An 80 year old shoeshine boy for Virgin Atlantic gets an honour (what the fook) which seems strange until you understand that he works in the VIP lounge at Heathrow cleaning the shoes of some of those civil service VIP's who decide who get the honours on the hounors list - you're starting to see how it works now aren't you - "sorry old chap I haven't got any change to tip you with this morning, will an OBE do ?"

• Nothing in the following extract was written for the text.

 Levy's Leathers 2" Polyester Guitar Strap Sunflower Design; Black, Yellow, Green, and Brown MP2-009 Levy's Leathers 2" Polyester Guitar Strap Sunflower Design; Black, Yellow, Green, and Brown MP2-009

And finally Bernard Mathews, the portly Norfolk turkey farmer, who is already a CBE, becomes a Commander of the Royal Victorian Order, which sounds like a made up award to me, for services to the Duke of Edinburgh's Award scheme for young people (who is the Duke of Edinburgh ? Its the Queen's husband of course, see how it works now ?) - all of which sounds fine until you remember that his work with the DofE award scheme is probably offset somewhat by his work in bringing the concept of the "turkey twistler" to childrens school meals. The idea that after you've slaughtered a turkey and sliced off all of the useable meat, you should then mince all the bad stuff thats left, including the brains, intestines, skin, everything, mince it all up into a mush and then mould it into shapes that will appeal to children, their parents probably won't buy the crap so sell it to local authorities for school meal use - services to young people my arse.

Yes, I'm bitter again, I've been overlooked again, bas'tads.

5 comments:

Anonymous said...

FANTASTIC!
Brilliantly put!
Funny yet so true.

Just goes to show what a poitless, farsical game the whole Queen's award really is!


Roz

Gary said...

Its pointless and farcical until the point at which I get an award from HMQ - then it will be the most important thing in the world.

mal said...

it has approached the level of silly. Rod Stewart? gimmme a break! I am thinking the wide distribution has made being on the list meaningless

Gary said...

I once heard an eminent professor of royal things (yes, we have them) say something that struck a chord - he was being asked about a certain celebrity who had suprisingly never been honoured, his answer was that he probably had but had turned it down - you are asked before an award whether you will accept it or not to save embarassment at the Palace when you don't turn up - the professor of royal things then mentioned lots of celebs who must have refused by virtue of their not already being a "sir".

Its a much ridiculed system.

Carolyn said...

I did hear some comedian in the eighties with the line, "I'd love an OBE and a peerage. Just so I could put Earlobe after my name."